The other troglobitic Australian cave beetle species are known from Victoria, New South Wales, South Australia and the Nullarbor karst (South Australia–Western Australia).

Troglobitic beetles are relicts which were isolated underground when conditions on the surface changed over millenia, either increasing aridity or glaciation, which caused the loss or reduction of the beetle ancestor’s moist forest-floor habitat.

Not all cave beetles are troglobitic

There are numerous other beetles living in caves which are not troglobites but are troglophiles (the term for cave animals that can also be found above ground) and/or guanophiles (the term for cave animals that live and reproduce within guano piles—the mounds of bat excrement that build up in caves).

The science of biospeleology has its origins with a troglobitic cave beetle

While the first documentation of a cave animal dates to 1689, the first formal study of a cave animal was on a troglobitic blind cave beetle found in 1831 in Postojna Cave, in what is now south-western Slovenia, and described in a research paper in 1832. This description is now recognised as the commencement of biospeleology as a scientific discipline.

The beetle was named Leptodirus hochenwartii  and its common name is the slender-necked beetle.

There’s a whole world of cave beetles

As you can see from this brief introduction, there are many beetles that live in caves and other underground habitats in Australia. And this diversity of cave beetles is repeated around the world.

Cave animals come in three broad groups

Caves offer habitat for many kinds of animals and cave animals are divided into three groups:

  1. They live solely in caves and might have special adaptions for underground life. These are troglobites and are generally not found above ground.
  2. Can live all or part of their lives in caves. These are troglophiles and these may live all or part of their lives in caves but can also complete a life cycle in suitable surface locations. The 2019 Australian Cave Animal of the Year, the Tasmanian Cave Spider is a troglophile—it can live its whole life in a cave but could also live its whole life in a suitable place outside a cave such as inside a tunnel or in a rainforest with suitable ‘hidey-holes’ such as tree hollows.
  3. Frequent caves but must return to the surface for at least part of its life, these are trogloxenes and can include animals such as wombats and owls. Think of these as a ‘cave guest’.

There’s a large range of beetles in Australian caves!

Troglophilic and guanophilic beetles include species in the families Staphylinidae (rove beetles), Ptinidae and Tenebrionidae. The large tenebrionid Brises nullarboricus (a common troglophile/guanophile in Nullarbor caves) and its sister species, Brises katherinae, occurs in the Katherine Caves, Northern Territory.

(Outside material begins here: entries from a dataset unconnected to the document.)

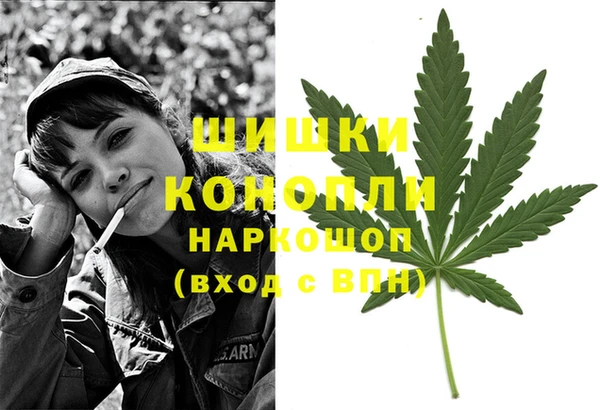 стафф Аркадак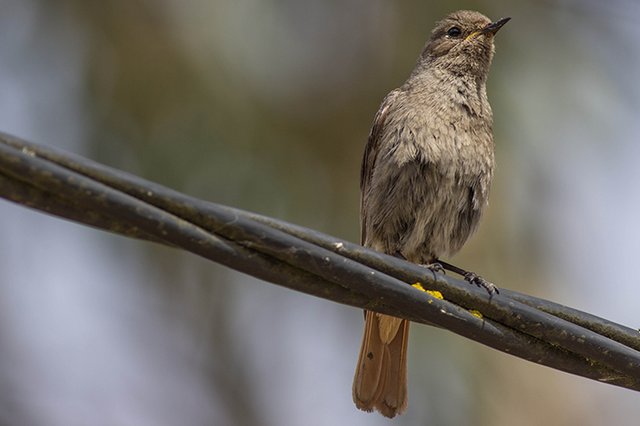 Escutar a Biodiversidade: Os Sons da Fábrica de Pólvora
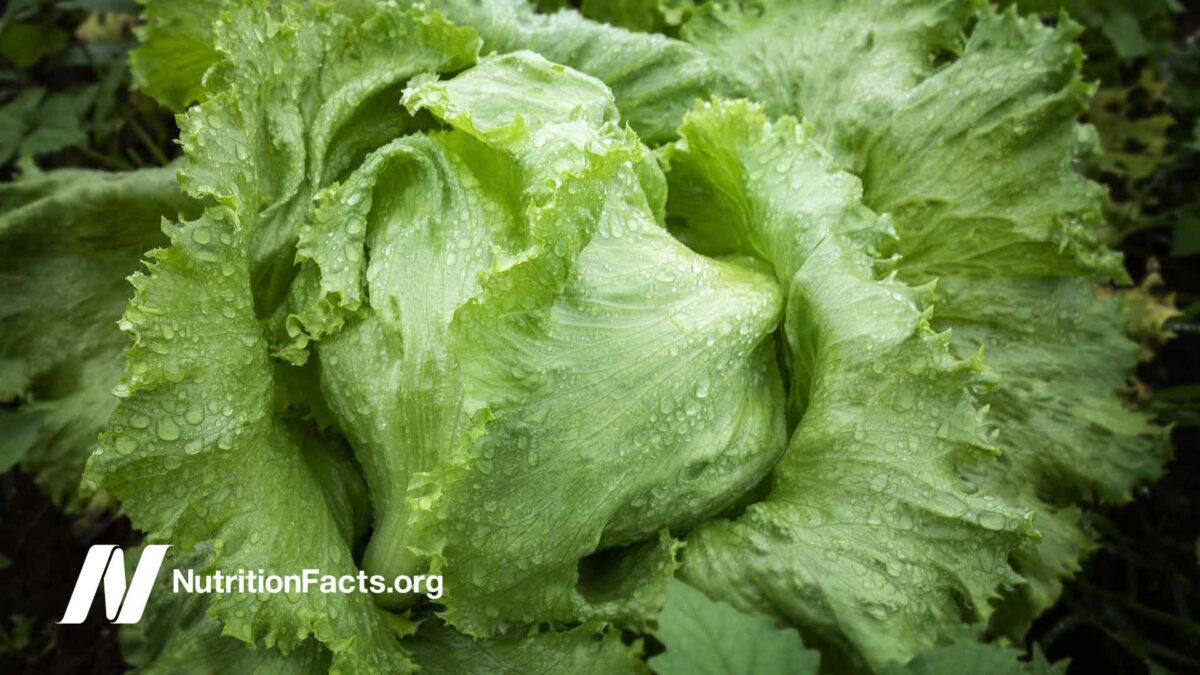 close up shot of fresh lettuce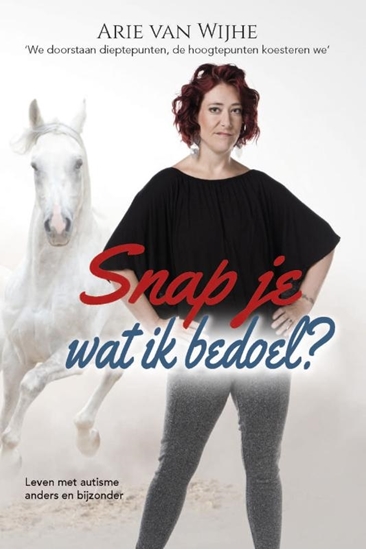 Afbeelding van Snap je wat ik bedoel?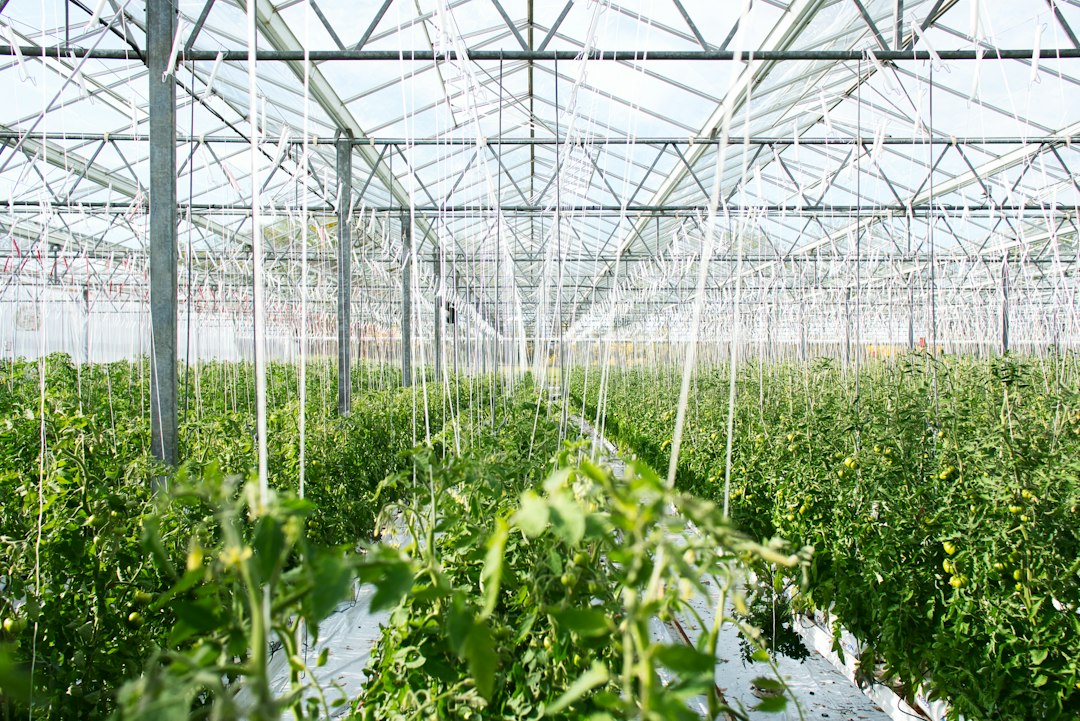 Greenhouse Management Software: Connect Crop Plans, Stock, Orders, and Controls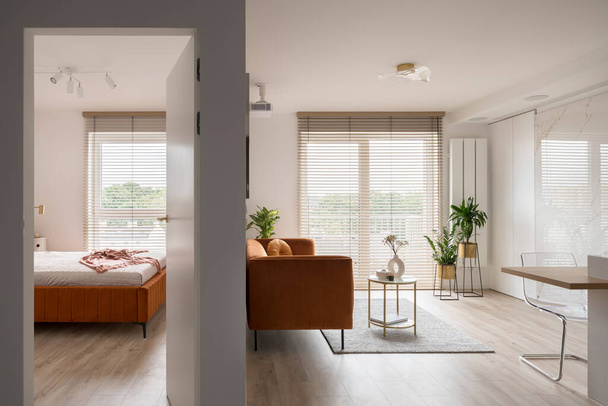 Stylish and bright apartment with big windows and bedroom next to living room - Foto, Imagem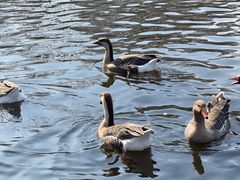 -石家庄市动物园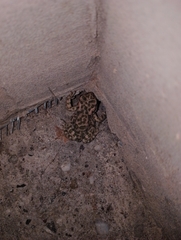 Bufotes viridis viridis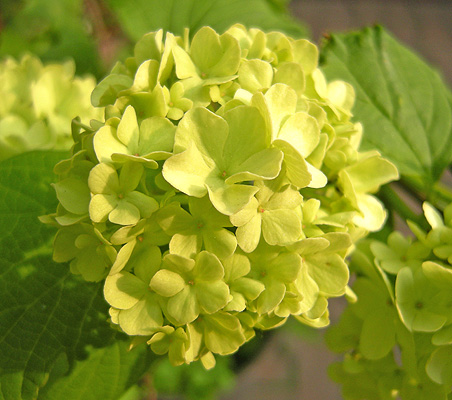 a0001354_21112467.jpg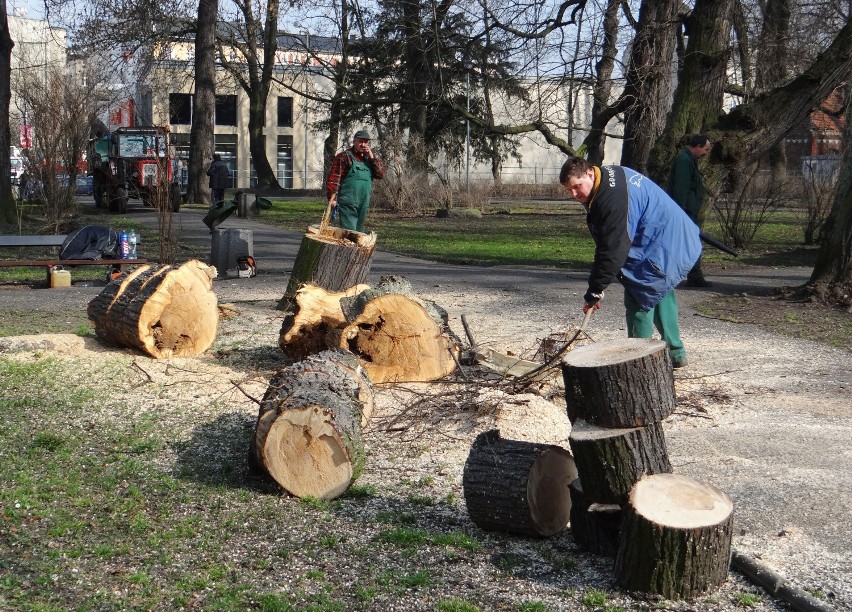 Park Roth w Raciborzu. Wycinają drzewa. Dlaczego?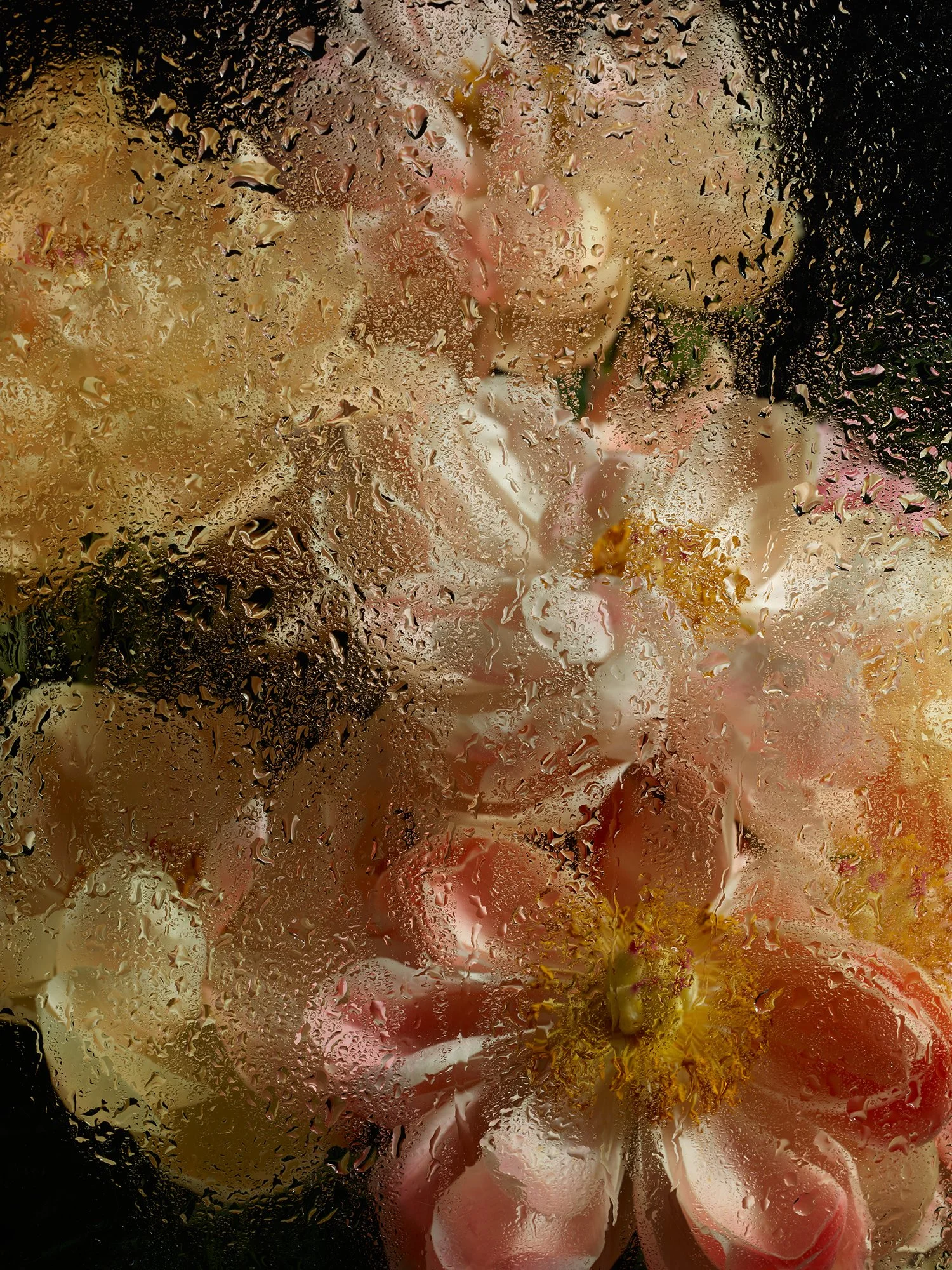 PEONIES GLASS PHASE ONE46273.jpg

Sometimes found in caves are dung beetles (family Scarabaeidae) which feed on animal dung and hide beetles (Trogidae) which are scavengers on animal carcasses. Weevils (Curculionidae) may sometimes be found in caves, especially on tree roots on which they feed.

Many other beetles are predators, including members of the family Carabidae. Most of the specialised beetle troglobites found in limestone caves are Carabidae, however troglobitic species of Staphylinidae, Pselaphidae, Cryptophagidae, Curculionidae, Dytiscidae, Elmidae, and Psydrinidae are also known from groundwater aquifers and meso-caverns in non-limestone rocks and are diving beetles.

Aquatic cave beetles live in springs and groundwater, are predominately from the family Dytiscidae and are predatory in both their larval and adult forms. They require air to breathe and must access the water surface every 30 minutes to 1 hour. The greatest diversity of stygobiontic dytsicids in the world are within calcrete aquifers in arid Western Australia.